#### [Work request]
Will you output all of the data below exactly, omitting the images?

#### [Material provided]
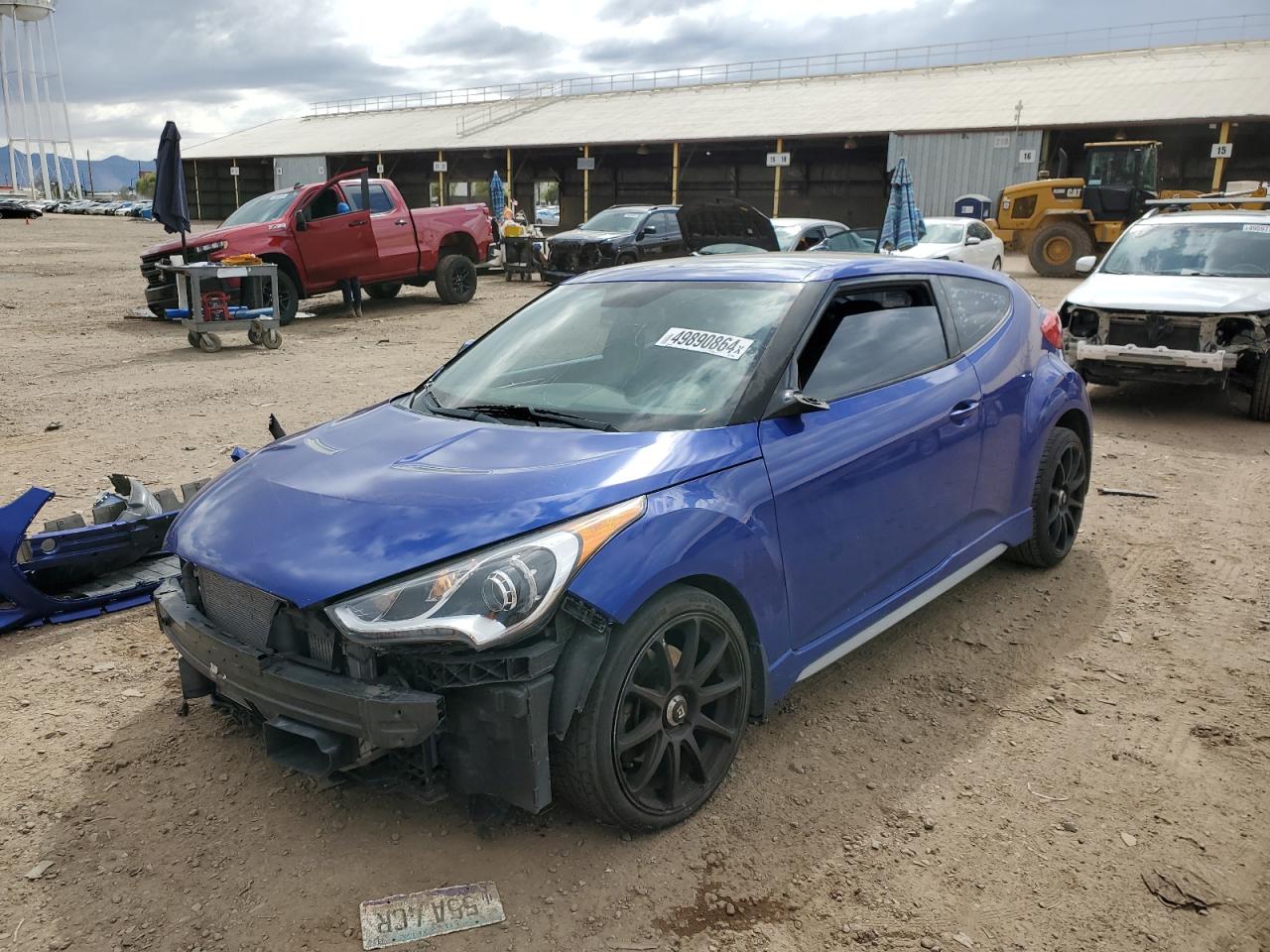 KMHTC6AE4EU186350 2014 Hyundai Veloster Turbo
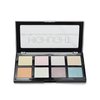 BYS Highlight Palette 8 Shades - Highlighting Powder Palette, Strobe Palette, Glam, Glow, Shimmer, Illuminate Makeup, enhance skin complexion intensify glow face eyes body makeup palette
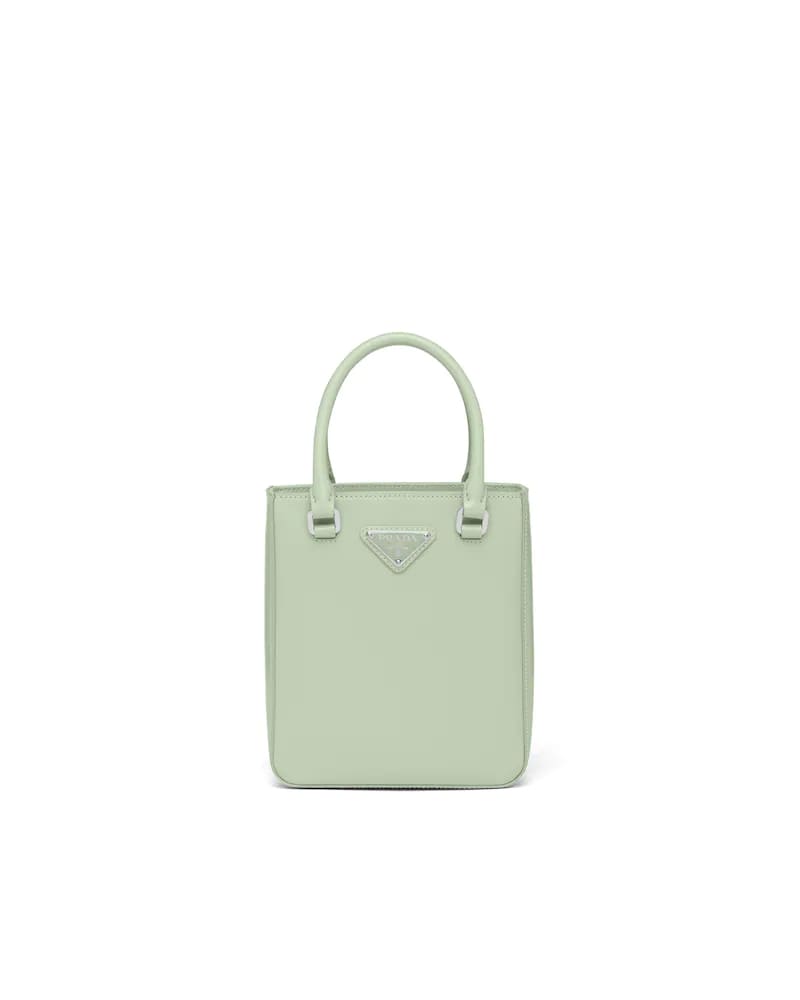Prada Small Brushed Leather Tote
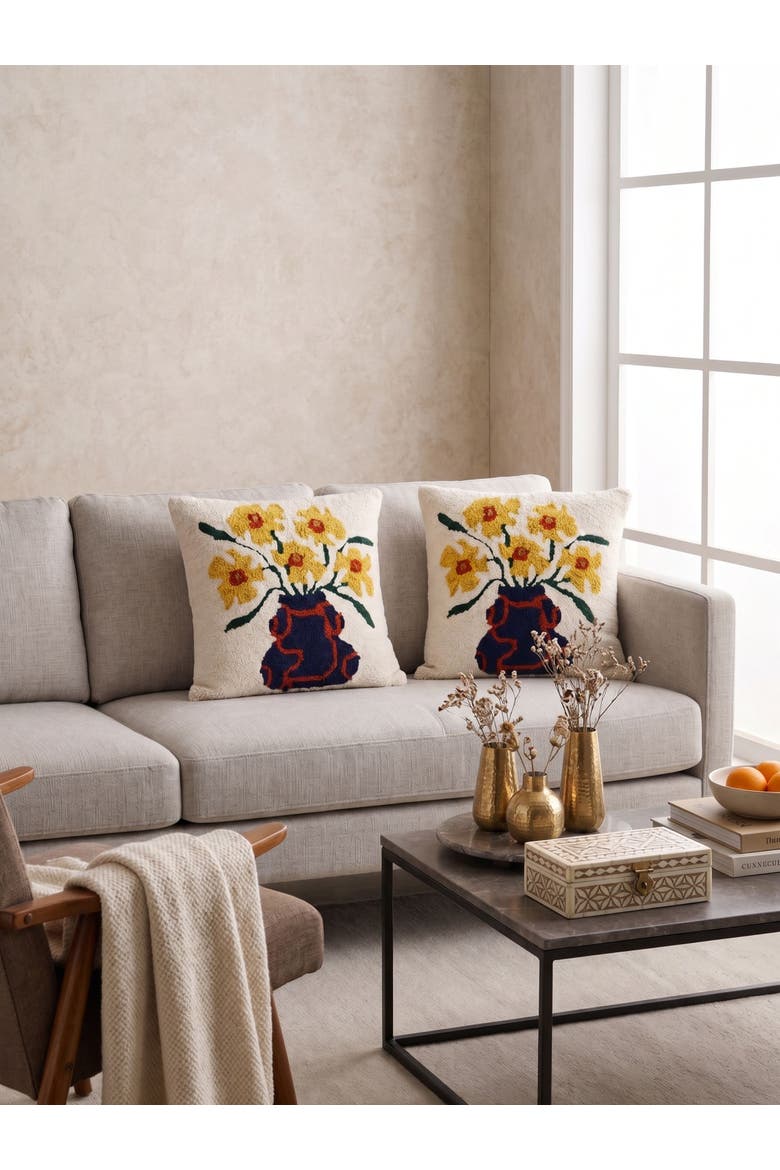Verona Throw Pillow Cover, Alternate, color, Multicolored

#### [Reply]
 KMHTC6AE4EU186350 2014 Hyundai Veloster Turbo
 BYS Highlight Palette 8 Shades - Highlighting Powder Palette, Strobe Palette, Glam, Glow, Shimmer, Illuminate Makeup, enhance skin complexion intensify glow face eyes body makeup palette
Prada Small Brushed Leather Tote
Verona Throw Pillow Cover, Alternate, color, Multicolored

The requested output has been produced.